== INSTRUCTIONS TO FOLLOW ==
Write down the lines exactly as they appear, from the one that contains "Lichtgrijze herenboxershort met" through the final line of the records, so that both ends are kept and no pictures come along.

== ENTRIES SHOWN ==
BEGIN

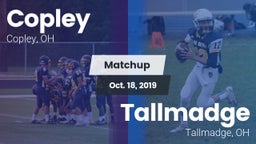 Matchup: Copley  vs. Tallmadge  2019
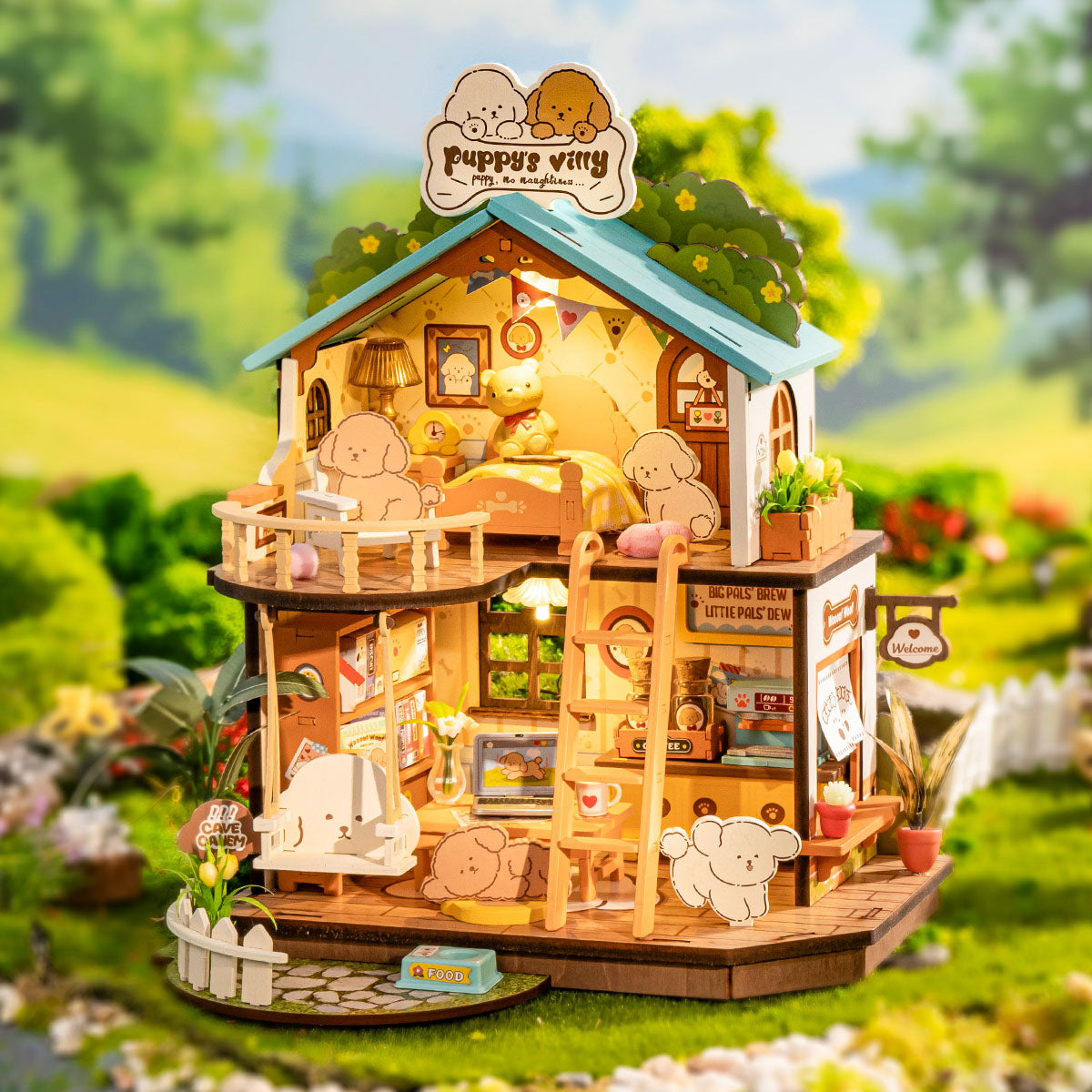 Rolife DIY Miniature House - Puppy's Cozy Villa DG169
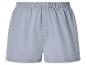 Lichtgrijze herenboxershort met elastische tailleband en knoop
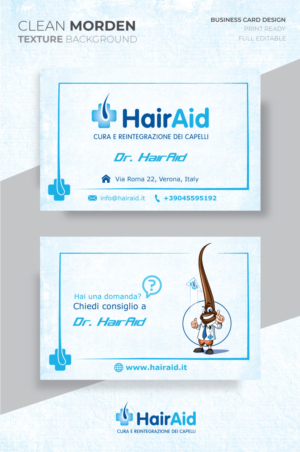 Visitenkarten-Design von vcreatived für HAIRAID | Design #19815497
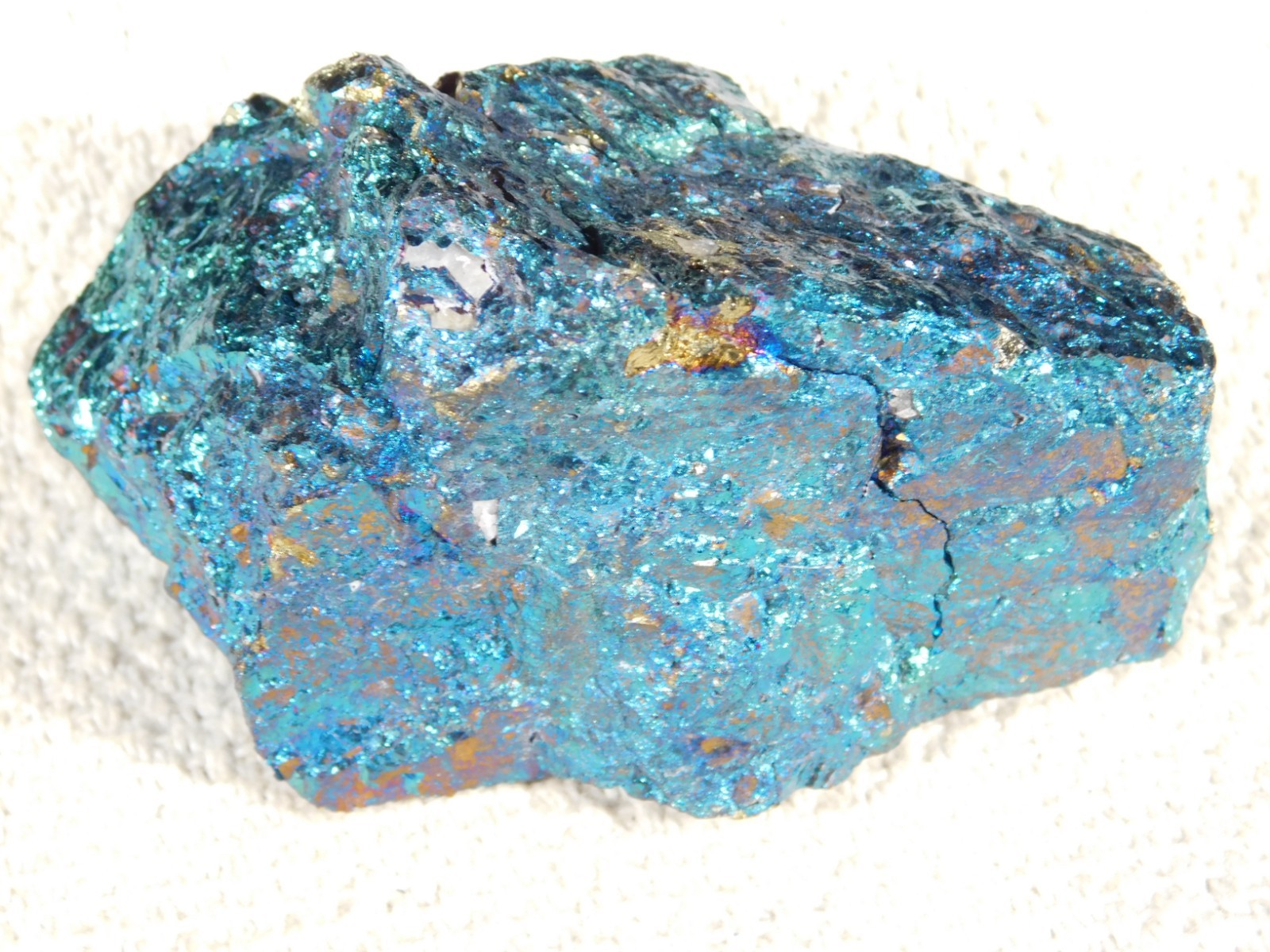LARGER Bright IRIDESCENT Peacock Copper Chalcopyrite or Peacock Ore Mexico 347gr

END

== THE ANSWER ==
 Lichtgrijze herenboxershort met elastische tailleband en knoop
 Visitenkarten-Design von vcreatived für HAIRAID | Design #19815497
LARGER Bright IRIDESCENT Peacock Copper Chalcopyrite or Peacock Ore Mexico 347gr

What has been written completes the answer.